I have a numpy.array of 640x480 images, each of which is 630 images long. The total array is thus 630x480x640. I want to generate an average image, as well as compute the standard deviation for each pixel across all 630 images.
This is easily accomplished by
avg_image = numpy.mean(img_array, axis=0)
std_image = numpy.std(img_array, axis=0)
However, since I'm running this for 50 or so such arrays, and have a 8 core/16 thread workstation, I figured I'd get greedy and parallelize things with multiprocessing.Pool.
So I did the following:
def chunk_avg_map(chunk):
#do the processing
sig_avg = numpy.mean(chunk, axis=0)
sig_std = numpy.std(chunk, axis=0)
return([sig_avg, sig_std])
def chunk_avg(img_data):
#take each row of the image
chunks = [img_data[:,i,:] for i in range(len(img_data[0]))]

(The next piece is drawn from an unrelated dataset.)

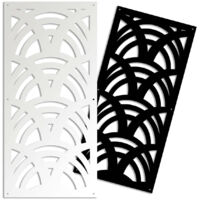 MAORI - Pannello in PVC traforato - Parasole - Misura: 73x148 cm - Colore: bianco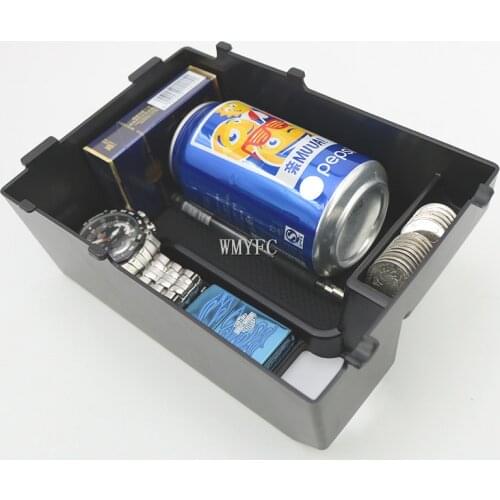 For subaru forester xv outback 2013 2014 2015 2016 2017 2018 2019 2020 black abs car armrest storage plate box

pool = multiprocessing.Pool()
result = pool.map(chunk_avg_map, chunks)
pool.close()
pool.join()
return result
However, I saw only a small speedup. By putting print statements in chunk_avg_map I was able to determine that only one or two processes are being launched at a time, rather than 16 (as I would expect).

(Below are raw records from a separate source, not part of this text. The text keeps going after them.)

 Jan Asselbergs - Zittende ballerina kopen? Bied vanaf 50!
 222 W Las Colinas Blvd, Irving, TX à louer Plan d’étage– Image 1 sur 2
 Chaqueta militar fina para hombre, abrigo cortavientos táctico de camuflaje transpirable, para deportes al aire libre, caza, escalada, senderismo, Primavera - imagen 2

I then ran my code through cProfile in iPython:
%prun current_image_anal.main()
The result indicated that by far the most time was spent in calls to acquire:
ncalls tottime percall cumtime percall filename:lineno(function)
1527 309.755 0.203 309.755 0.203 {built-in method acquire}
Which I understand to be something to do with locking, but I don't understand why my code would be doing that. Does anyone have any ideas?

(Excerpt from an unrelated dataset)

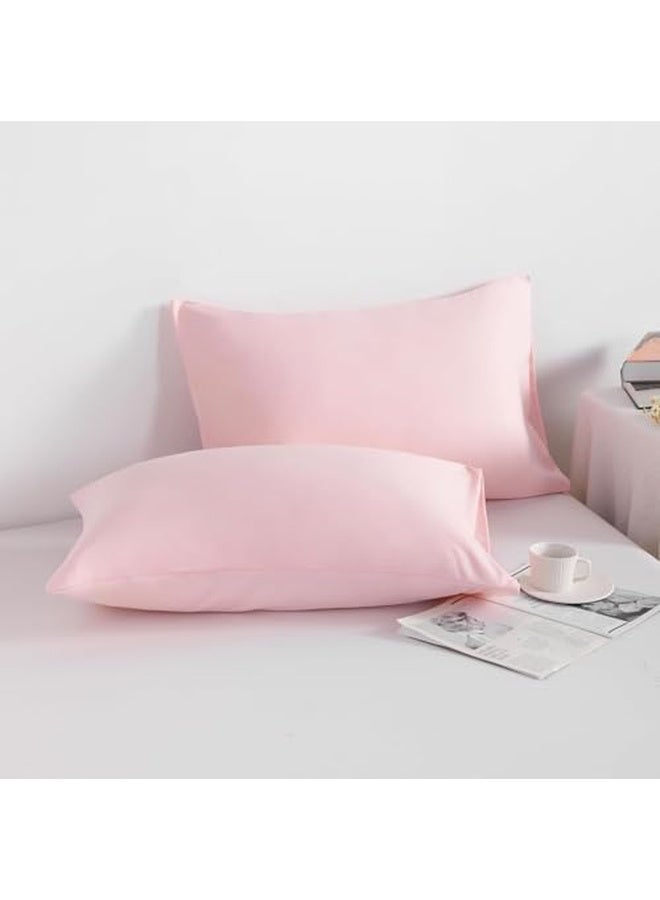 Signoola Basics Lightweight Super Soft Easy Care Microfiber Envelope Pillow cases, Pack of 2 pcs, 50 x 70 cm,Kashmir color, Pillows Not Included. - Image 3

[EDIT] As requested, here is a run-able script which demonstrates the problem. You can profile it by whatever means you like, but when I did I found that the lions share of the time was taken up with calls to acquire, rather than mean or std as I would have expected.
#!/usr/bin/python
import numpy
import multiprocessing
def main():
fake_images = numpy.random.randint(0,2**14,(630,480,640))
chunk_avg(fake_images)
def chunk_avg_map(chunk):
#do the processing
sig_avg = numpy.mean(chunk, axis=0)
sig_std = numpy.std(chunk, axis=0)
return([sig_avg, sig_std])
def chunk_avg(img_data):
#take each row of the image
chunks = [img_data[:,i,:] for i in range(len(img_data[0]))]
pool = multiprocessing.Pool()
result = pool.map(chunk_avg_map, chunks)
pool.close()
pool.join()
return result
if __name__ == "__main__":
main()